Alega a parte autora que experimentou prejuízo de cunho material em razão de oscilação de energia ocorrida em 03/09/2020, por volta das 18h, tendo solicitado o ressarcimento dos valores dispendidos para o conserto dos seus aparelhos na forma do pedido de indenização por danos em aparelhos elétricos em id’s. 12443656, 12443658 e 12443659, no entanto, teve seu pedido indeferido.

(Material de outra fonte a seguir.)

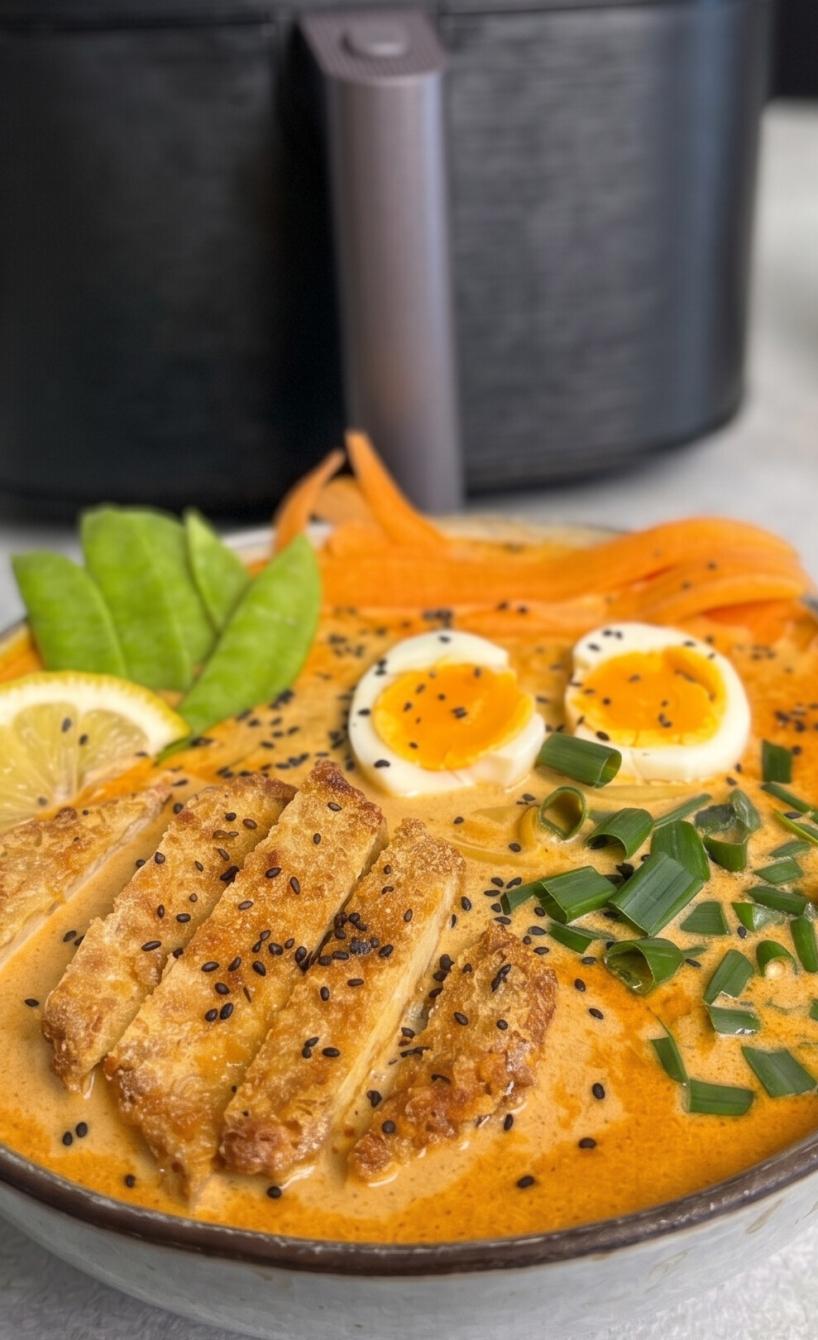 Fried Tofu Ramen Bowl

Na hipótese, a responsabilidade civil da requerida como concessionária de serviço público é objetiva consoante o previsto no §6º do art. 37 da Constituição Federal, bastando para sua caracterização a demonstração do fato, do dano e do nexo de causalidade, não se cogitando do elemento culpa.
Cumpre explicitar, ainda, que incide, no caso em tela, a norma prevista na Lei nº. 8.078/1990 inserindo-se a autora na concepção de consumidor e a ré na de fornecedora de serviços.

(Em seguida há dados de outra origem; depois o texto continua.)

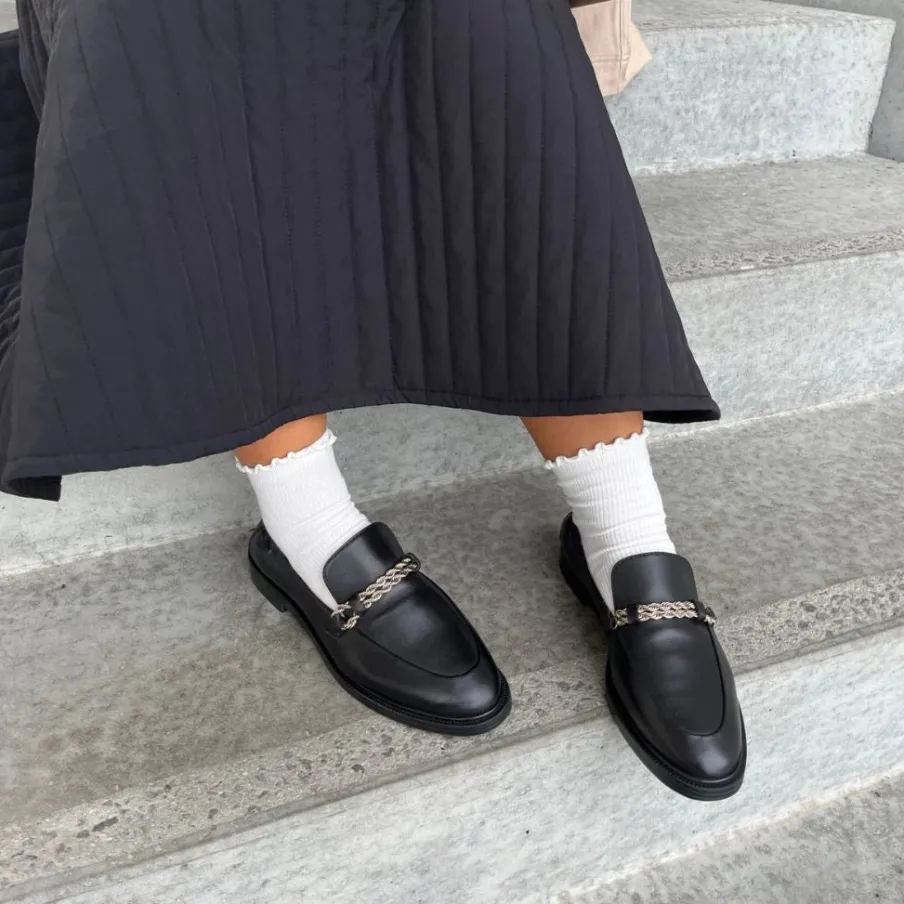 Copenhagen Shoes Loafers^LOVE AND WALK - Black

De acordo com o artigo 14 do Código do Consumidor, o fornecedor de serviços responde, independentemente da existência de culpa, pela reparação de danos causados aos consumidores por defeitos relativos à prestação de serviços, só se eximindo do dever de indenizar se provar a culpa exclusiva do consumidor ou de terceiro.
O Código de Defesa do Consumidor possui norma expressa quanto às concessionárias de serviço público, in verbis:
Art. 22. Os órgãos públicos, por si ou suas empresas, concessionárias, permissionárias ou sob qualquer outra forma de empreendimento, são obrigados a fornecer serviços adequados, eficientes, seguros e, quanto aos essenciais, contínuos.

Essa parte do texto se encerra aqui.